FIG. 7 is a diagram of a configuration of a part of a motor system according to a fifth embodiment.

FIG. 8 is a diagram of appearance of a configuration example of a vehicle mounted with a motor system.

DETAILED DESCRIPTION OF THE EMBODIMENTS

Details of the exemplary embodiments of the present disclosure are described with reference to the accompanying drawings below.

1. Comparison Example

Before the embodiments of the present disclosure are described, a comparison example for the purpose of comparison is provided below. Issues can become more apparent with the description of the comparison example.

<<Motor System>>

FIG. 1 shows a diagram of a configuration of a motor system 10 of a comparison example. The motor system 10 includes a motor driving device 1, half bridges HB1, HB2 and HB3, a power relay 6, a motor relays 71, 72 and 73, and a motor 8. The motor driving device 1 drives the motor 8 by the half bridges HB1, HB2 and HB3. The motor 8 is a three-phase brushless DC motor. Moreover, a motor as a driving target is not limited to being a brushless DC motor, and can be any motor such as a step motor or a brush DC motor operable to be driven by half bridges.
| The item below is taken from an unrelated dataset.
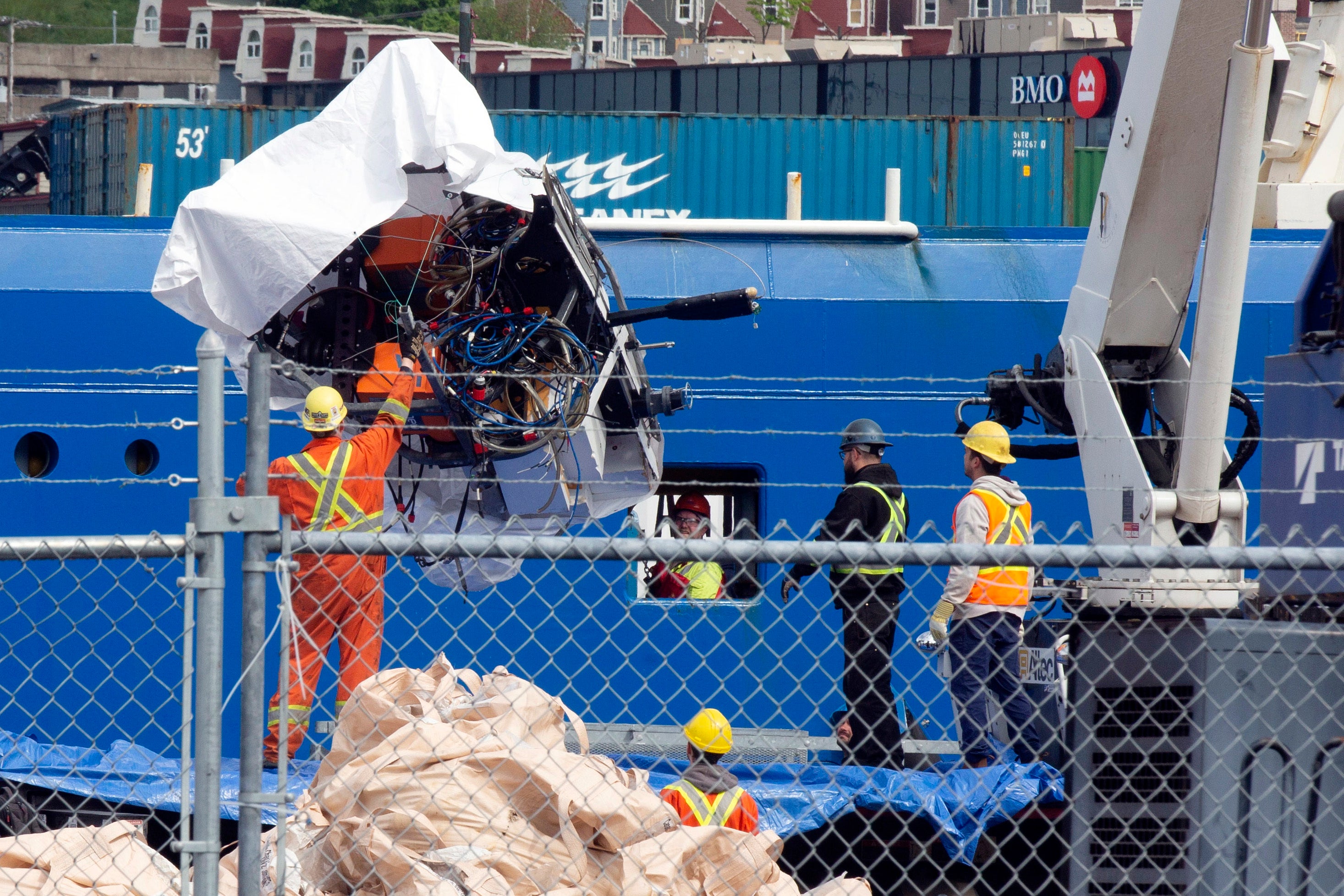 Debris from the Titan submersible, recovered from the ocean floor near the wreck of the Titanic, is unloaded from the ship Horizon Arctic at the Canadian Coast Guard pier in St. John's, Newfoundland, Wednesday, June 28, 2023.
In the configuration in FIG. 1, three half bridges HB1, HB2 and HB3 are provided to correspond to the three-phase motor 8. The first half bridge HB1 includes an application terminal NA to which a power supply voltage VB is applicable when a power supply relay 6, which will be described later, is in an on state, a first high-side transistor M1 and a first low-side transistor M2 connected in series with a ground potential application terminal. More specifically, a drain of the first high-side transistor M1 formed by an N-channel metal-oxide-semiconductor field-effect transistor (MOSFET) is connected to the application end NA. A source of the first high-side transistor M1 is connected to a drain of the first low-side transistor M2 formed by an N-channel MOSFET at a first node N1. A source of the first low-side transistor M2 is connected to an application end of ground potential. Moreover, a current detection resistor can also be provided between the source of the first low-side transistor M2 and an application end of ground potential, and the same applies to the low-side transistors M4 and M6.
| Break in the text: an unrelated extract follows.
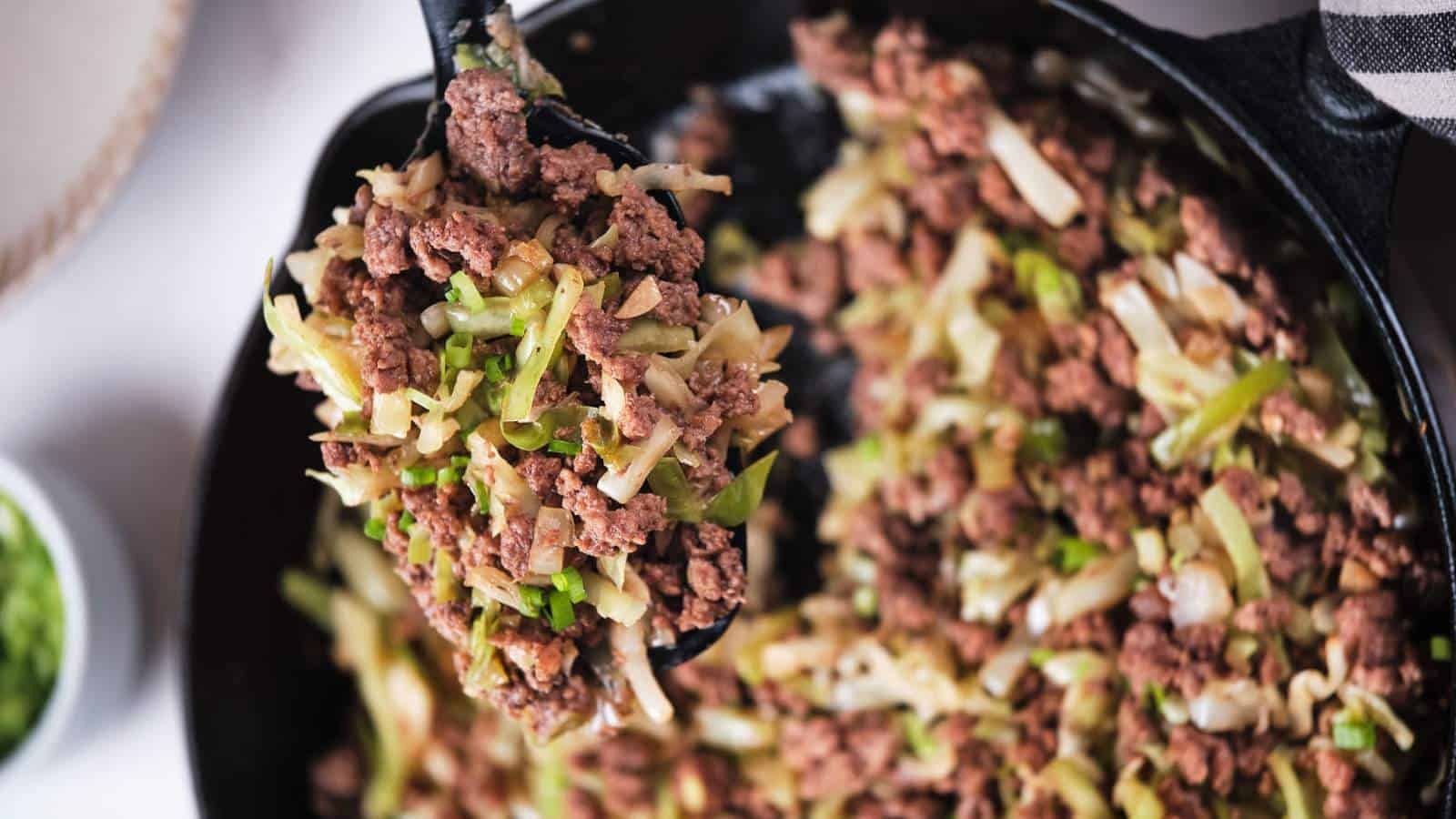 Ground beef and cabbage stir fry being scooped out from a skillet.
The second half bridge HB2 has a second high-side transistor M3 and a second low-side transistor M4 connected in series between the application end NA and an application end of ground potential. More specifically, a drain of the second high-side transistor M3 formed by an N-channel MOSFET is connected to the application end NA. A source of the second high-side transistor M3 is connected to a drain of the second low-side transistor M4 formed by an N-channel MOSFET at a second node N2. A source of the second low-side transistor M4 is connected to an application end of ground potential.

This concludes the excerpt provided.